Segundo a Assessoria Especial, o inciso tem conceitos “indeterminados e subjetivos” e sua manutenção prejudicaria o próprio tipo penal.
O parecer pede a supressão do artigo 26 – “induzir ou instigar pessoa a praticar infração penal com o fim de capturá-la em flagrante delito, fora das hipóteses previstas em lei”.
Segundo a Pasta, a criminalização proposta “pode afetar negativamente a atividade investigativa, em razão de a autoridade investigada atuar, muitas vezes, em uma zona cinzenta na distinção entre flagrante preparado e flagrante esperado”.
Violação de prerrogativa de advogado
O Ministério indica ainda que o artigo 43 da Lei de Abuso deveria ser excluído.
O dispositivo insere um novo artigo na Lei 8.906, que dispõe sobre o Estatuto da Advocacia e a Ordem dos Advogados do Brasil.
O texto configura como crime violar alguns direitos e prerrogativas dos advogados previstos em tal norma, sob pena de detenção de três meses a um ano, e multa.
Para a Assessoria Especial do Ministério de Justiça, o dispositivo geraria “um fortalecimento extremo do Ministério Público e um enfraquecimento do juiz, que perderia a sua imparcialidade”.
Tipos que já estão no Código Penal
A Assessoria Especial registra que algumas das previsões da Lei do Abuso já existem no Código Penal Brasileiro. Entre elas estaria o artigo 3, que versa sobre o oferecimento de denúncias. O documento indica que o dispositivo “apenas repete o que é norma geral no artigo 29 do Código de Processo Penal”.
O Ministério ressalta o artigo 30 – “dar início ou proceder à persecução penal, civil ou administrava sem justa causa fundamentada ou contra quem sabe inocente” – que, segundo a Pasta, já é abarcado pelo crime de denunciação caluniosa.
O artigo 34, que tipifica a conduta de “deixar de corrigir erro relevante que sabe existir em processo ou procedimento” também é avaliado.
O parecer argumenta que o crime de prevaricação, previsto no artigo 319 do Código Penal, já abarcaria as hipóteses mais graves de omissão na prática de atos de ofício pelo servidor público.

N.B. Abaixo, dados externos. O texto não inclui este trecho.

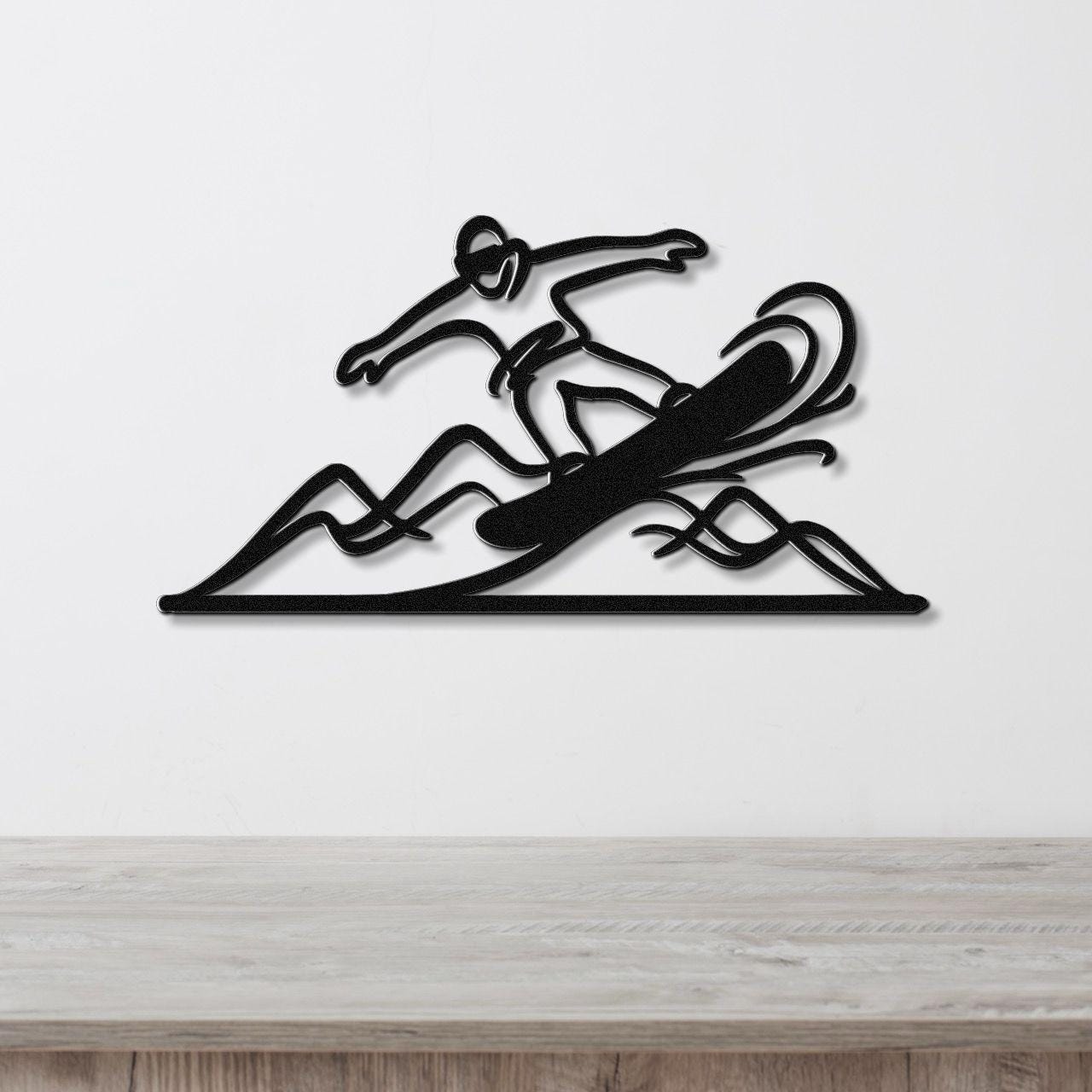 Black metal wall art featuring a snowboarder in motion over mountain shapes, mounted on a white wall above a wooden surface.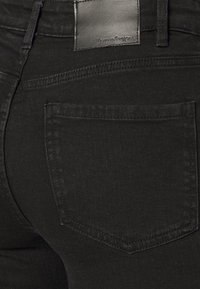 Jeans de ganga preta com um bolso traseiro com detalhes costurados e uma etiqueta de marca em couro na cintura, apresentando um acabamento mate.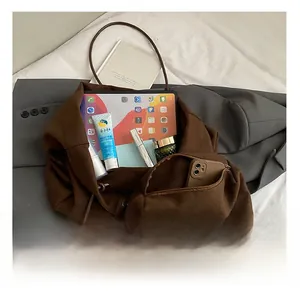 Detail view of large dark brown tote bag showing spacious interior with zipper pocket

A pasta alega que o artigo cria uma responsabilidade “extremamente ampla” ao agente público que seria “impossível” cumpri-la na prática. O parecer destaca ainda: “o conceito de “erro relevante”, extremamente amplo, pode abarcar situações diversas, a depender do referencial”.
Novas redações
O parecer do Ministério da Justiça indica novas redações para dois artigos do texto original do Projeto de Lei de Abuso, o 13º artigo e o 20º.
O primeiro tipifica como crime, passível de punição com 1 ano a 4 de detenção, “constranger o preso ou o detento, mediante violência, grave ameaça ou redução de sua capacidade de resistência, a: exibir-se ou ter seu corpo ou parte dele exibido à curiosidade pública; submeter-se a situação vexatória ou a constrangimento não autorizado em lei; produzir prova contra si mesmo ou contra terceiro”.
Na avaliação da Assessoria Especial, há forte carga subjetiva na redação do item, como na expressão “redução de sua capacidade de resistência”, o que poderia prejudicar o exercício da atividade policial.
O parecer indica que o inciso III é impreciso e então sugere que o termo “ilegalmente” seja incluído no texto: “constranger ilegalmente o preso ou o detento […]”.
Já o artigo 20º, que dispõe sobre o impedimento, sem justa causa a entrevista pessoal e reservada do preso com advogado, a Pasta caracteriza como “louvável iniciativa”, mas diz que é importante restringir o alcance penal para “evitar a investigação de intervenções em casos nos quais o advogado integra a organização criminosa”.
O documento sugeriu que o artigo seja redigido da seguinte maneira: “Impedir, sem justa causa, autorização legal ou judicial, a entrevista pessoal e reservada do preso com seu advogado.” Fonte, exame.com.